Re: [PATCH 3/6] nvme: Move all IO out of controller reset

Keith Busch <keith.busch@xxxxxxxxxxxxxxx> · Mon, 21 May 2018 10:23:55 -0600

On Tue, May 22, 2018 at 12:04:53AM +0800, Ming Lei wrote:
> On Mon, May 21, 2018 at 09:44:33AM -0600, Keith Busch wrote:
> > On Mon, May 21, 2018 at 11:34:27PM +0800, Ming Lei wrote:
> > > nvme_dev_disable() quiesces queues first before killing queues.
> > > 
> > > If queues are quiesced during or before nvme_wait_freeze() is run
> > > from the 2nd part of reset, the 2nd part can't move on, and IO hang
> > > is caused.
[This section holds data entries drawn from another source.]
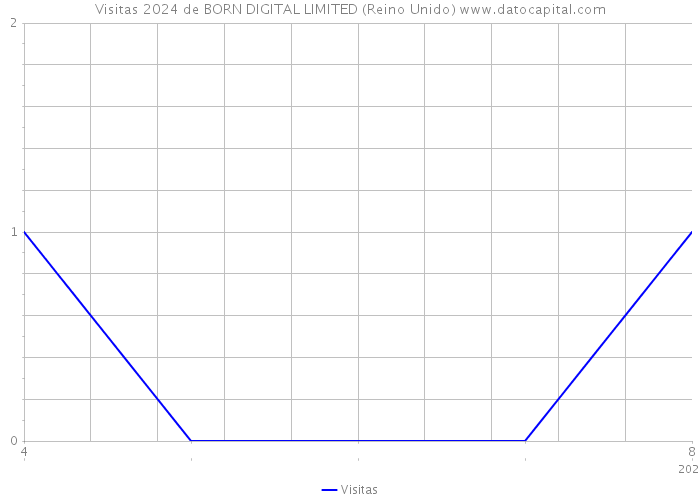 Visitas 2024 de BORN DIGITAL LIMITED (Reino Unido) 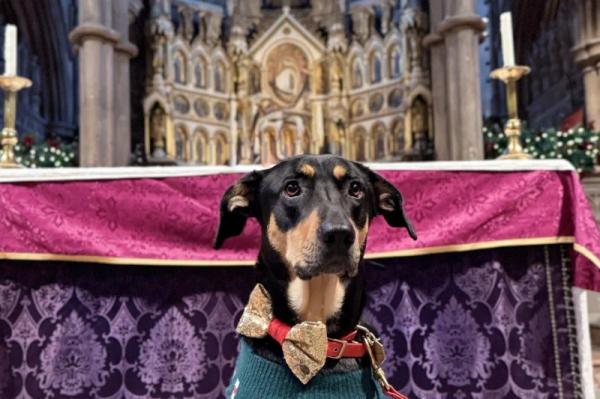 Pets pack the pews at London church for annual carol services Pets pack the pews at London church for annual carol services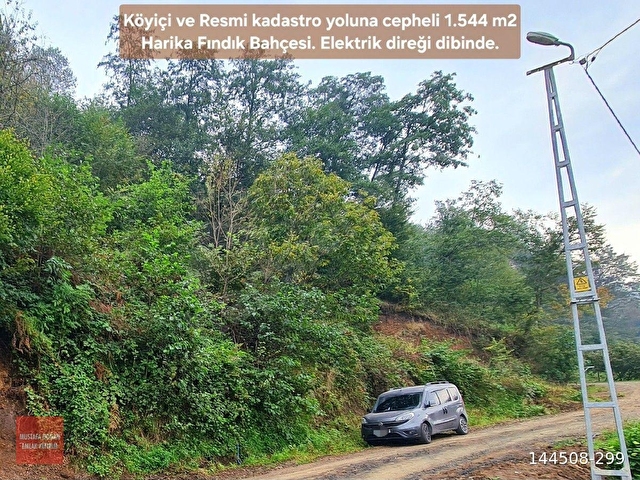 Trabzon Vakfıkebir DenizYakın 3Kat %25İmar ResmiYol Köyİçi Elk+Su 1544m2 Manzara ÇokUygun Açıklamada - Görsel 27
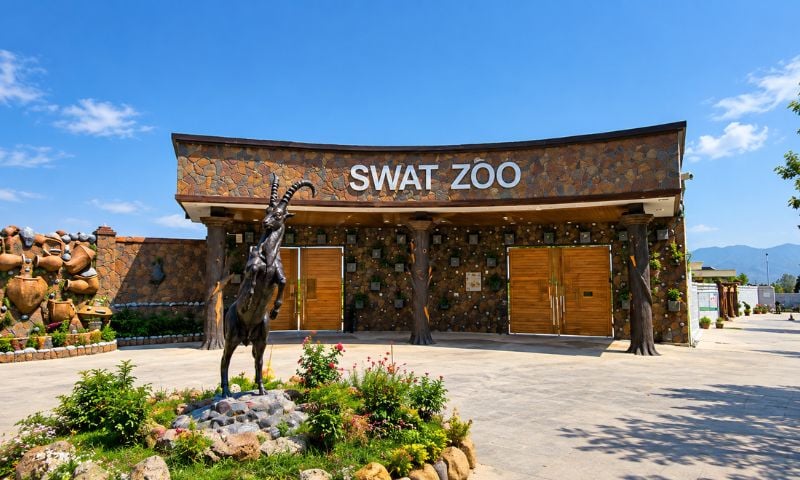 Zoo1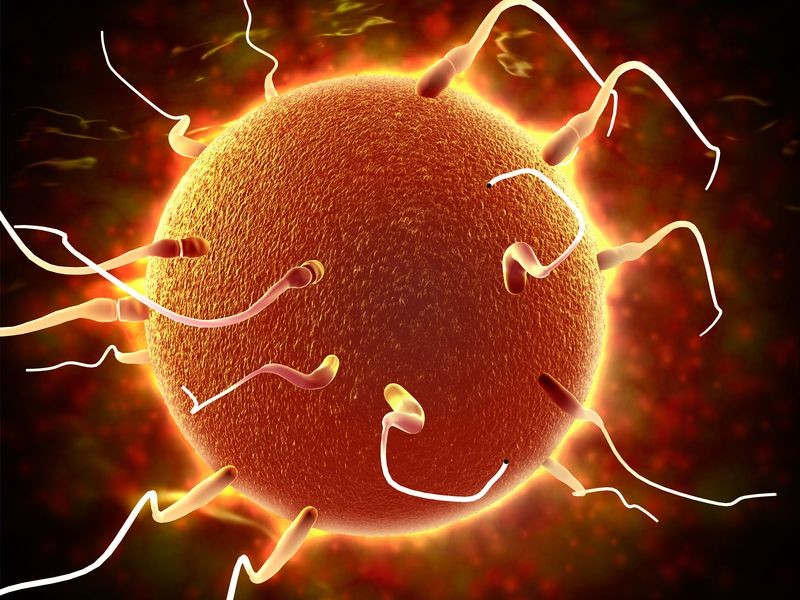 IVF Specialist in Coimbatore – Expert Fertility Doctors Near You main image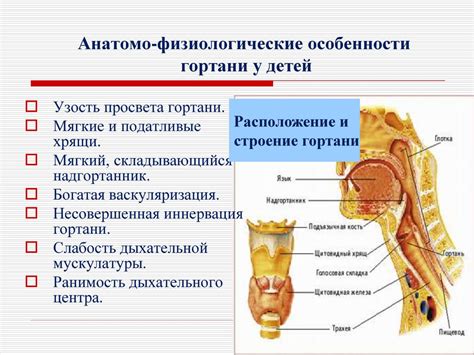 Анатомические особенности структуры организма у младенцев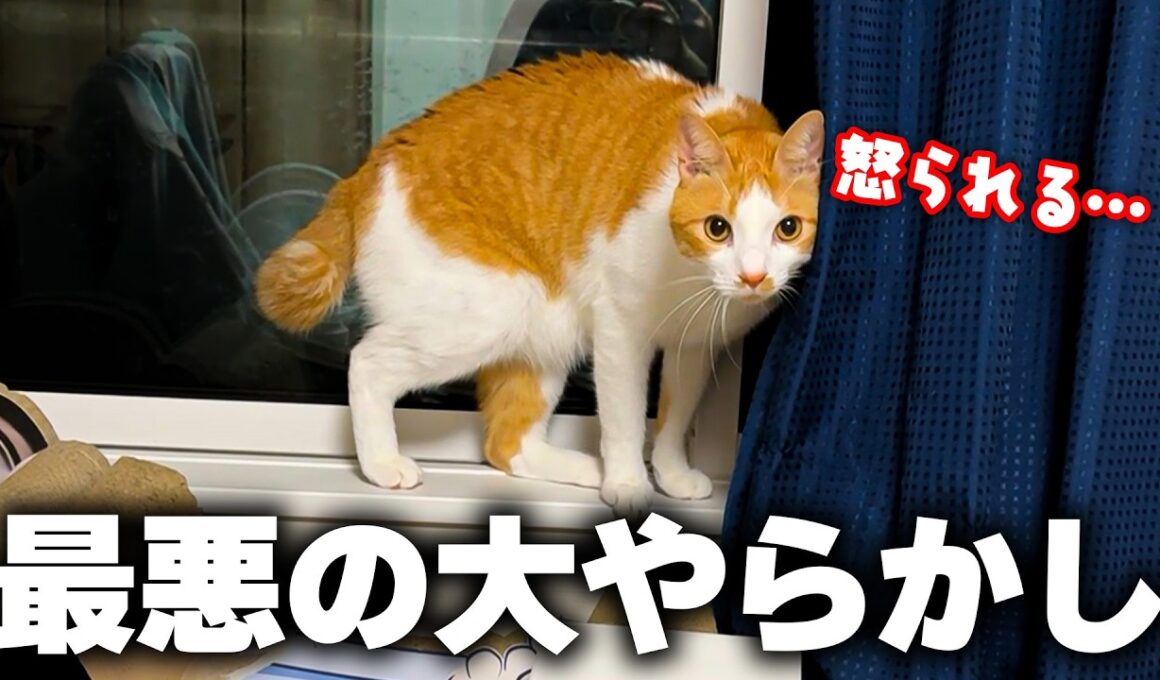 とんでもないことをやらかして、猫が逃げました。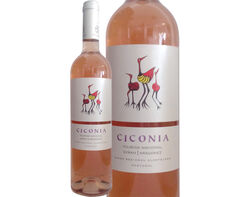 Imagem do produto vinho rosé ciconia alentejo 0.75l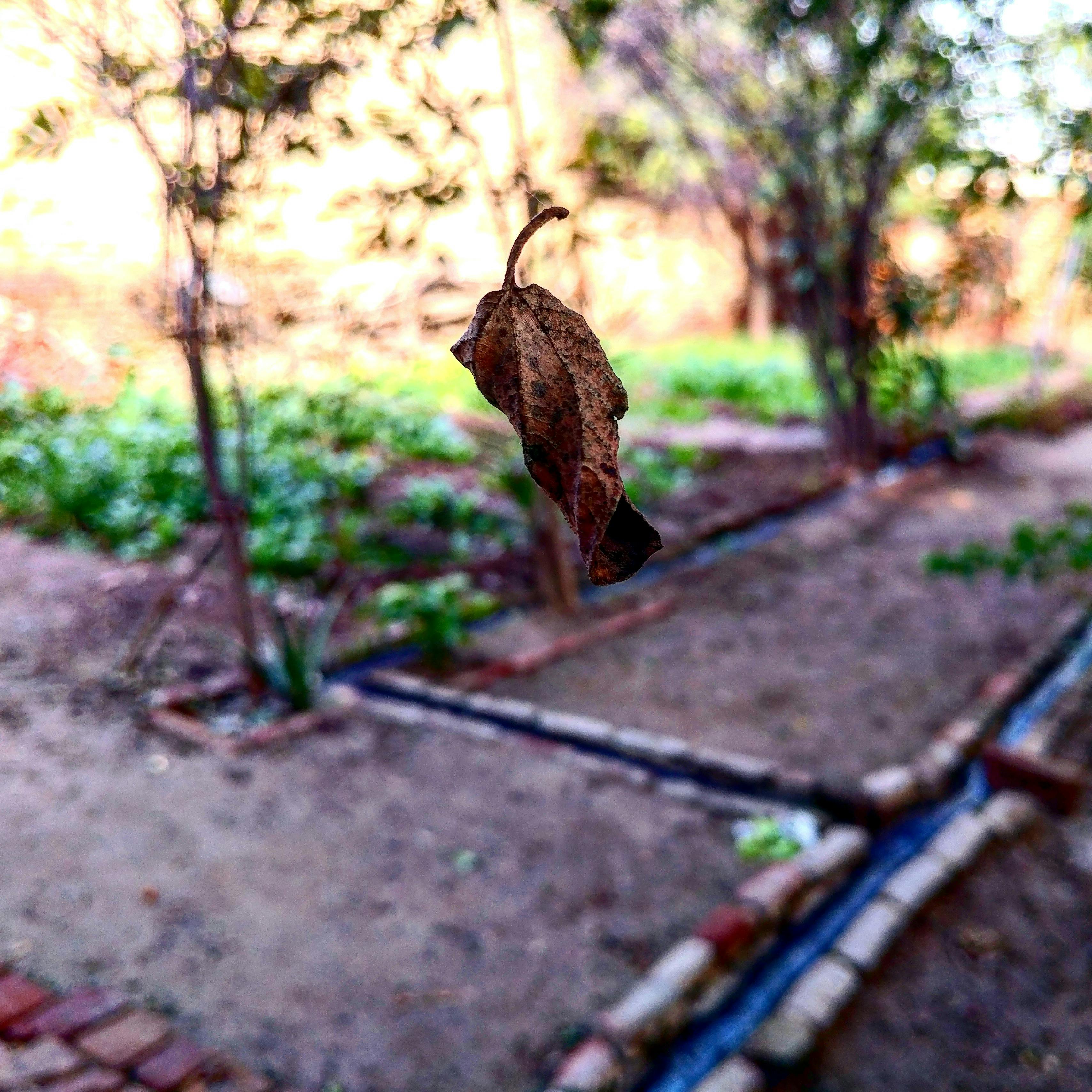 Free stock photo of #dry, #dry leaf, #falling leaf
Finally no reset can be scheduled at all.
> > 
> > But this patch moves nvme_wait_freeze outside the reset path, so I'm
> > afraid I'm unable to follow how you've concluded the wait freeze is
> > somehow part of the reset.
> 
> For example:
> 
> 1) the 1st timeout event:
> 
> - nvme_dev_disable()
> - reset
> - scan_work
> 
> 2) the 2nd timeout event:
> 
> nvme_dev_disable() may come just after nvme_start_queues() in
> the above reset of the 1st timeout. And nvme_timeout() won't
> schedule a new reset since the controller state is NVME_CTRL_CONNECTING.

Let me get this straight -- you're saying nvme_start_queues is going
to somehow immediately trigger timeout work? I can't see how that could
possibly happen in real life, but we can just remove it and use the existing
nvme_start_ctrl to handle that in the LIVE state.